Tesla aims to start mass production of its Cybertruck at the end of 2023, two years after the initial target for the long awaited pickup truck chief executive Elon Musk had unveiled in 2019, sources told the Reuters news agency.
The report noted Tesla had said in October it was working on preparing its Austin, Texas plant to build the new model with “early production” set to start in mid 2023.
“We’re in the final lap for Cybertruck,” Musk reportedly told a conference call with financial analysts.
Reuters said a gradual ramp up in the second half of 2023 to full output would mean Tesla would not be recording revenue until early 2024 for a full quarter of production on a new model seen as key to its growth.
It would also mean a wait of another year for the estimated hundreds of thousands of potential buyers who have paid US$100 to reserve a Cybertruck in one of the most highly anticipated, and closely tracked electric vehicle launches ever, the report said.
Tesla did not immediately respond to Reuters’ request for comment.
The news agency noted the EV maker had not announced final pricing of the Cybertruck, showed a production version or specified how it would manage battery supply.
Reuters noted Tesla in 2019 had projected an initial price of under $40,000 but prices for new vehicles have increased higher since then and Tesla has raised prices across its current model line.
Reuters recalled Musk had introduced Cybertruck at a 2019 event where the vehicle’s designer cracked the vehicle’s supposedly unbreakable “armour glass” windows. The company had postponed production three times since: from late 2021 to late 2022, then to early 2023 and most recently to the mid-2023 target for initial production.
The launch of the Cybertruck would give Tesla an EV entrant in one of the most profitable US segments and a competitor to electric pickups from rivals such as Ford and Rivian Automotive, both of which have launched models in still limited numbers.
In addition, Foxconn’s Lordstown Motors last month began pre production of its Endurance electric truck.
In January, Musk had cited shortages in sourcing components as the reason for pushing the launch of Cybertruck into 2023.

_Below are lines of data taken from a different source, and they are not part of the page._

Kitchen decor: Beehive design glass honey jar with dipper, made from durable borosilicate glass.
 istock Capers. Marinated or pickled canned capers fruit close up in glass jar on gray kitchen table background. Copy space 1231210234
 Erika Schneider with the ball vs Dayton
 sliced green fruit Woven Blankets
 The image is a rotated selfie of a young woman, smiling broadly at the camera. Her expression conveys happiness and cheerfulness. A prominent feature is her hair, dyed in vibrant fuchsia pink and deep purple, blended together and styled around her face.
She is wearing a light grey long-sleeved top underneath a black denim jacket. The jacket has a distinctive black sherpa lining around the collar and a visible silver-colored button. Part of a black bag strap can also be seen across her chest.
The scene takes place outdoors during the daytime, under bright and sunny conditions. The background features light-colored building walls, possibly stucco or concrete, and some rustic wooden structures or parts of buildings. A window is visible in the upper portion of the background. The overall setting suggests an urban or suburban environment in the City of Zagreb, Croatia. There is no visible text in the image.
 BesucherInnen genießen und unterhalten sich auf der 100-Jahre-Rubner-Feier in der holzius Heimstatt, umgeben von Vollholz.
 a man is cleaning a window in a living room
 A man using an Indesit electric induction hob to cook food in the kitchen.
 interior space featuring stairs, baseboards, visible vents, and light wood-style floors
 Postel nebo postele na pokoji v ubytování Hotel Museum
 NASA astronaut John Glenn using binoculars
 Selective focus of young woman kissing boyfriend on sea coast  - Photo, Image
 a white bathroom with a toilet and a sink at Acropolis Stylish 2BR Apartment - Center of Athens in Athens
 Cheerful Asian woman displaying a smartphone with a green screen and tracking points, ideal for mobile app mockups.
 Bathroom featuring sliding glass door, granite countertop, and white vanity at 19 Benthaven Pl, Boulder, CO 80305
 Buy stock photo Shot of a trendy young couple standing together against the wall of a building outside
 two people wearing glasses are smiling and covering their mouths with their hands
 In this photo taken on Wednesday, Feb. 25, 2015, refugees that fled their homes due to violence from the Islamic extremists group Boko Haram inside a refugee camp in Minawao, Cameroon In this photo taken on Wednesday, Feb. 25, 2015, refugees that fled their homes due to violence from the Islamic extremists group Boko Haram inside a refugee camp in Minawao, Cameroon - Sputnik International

In May, Tesla stopped taking orders for the Cybertruck outside North America. Musk said then the company had “more orders of the first Cybertrucks than we could possibly fulfill for three years after the start of production.”
Reuters noted automakers often ramp up production slowly for a completely new model like the Cybertruck.
The report also noted analysts had also cautioned a weakening global economy would start to affect sales by Tesla, which had, so far, been able to sell every car it made. Musk had said he expected a coming recession would last “probably until spring of ’24.”
Reuters added that IDRA Group, the Italian company making the Giga Press that will be used for die casting parts for the Cybertruck, said in a LinkedIn post last week the 9,000 ton machine for truck part production was packed and ready to be shipped.
The post did not name Tesla which had been using the Giga Press to cut the cost and complexity of production of its Model Y, an innovation other automakers, including Toyota, had studied, Reuters added.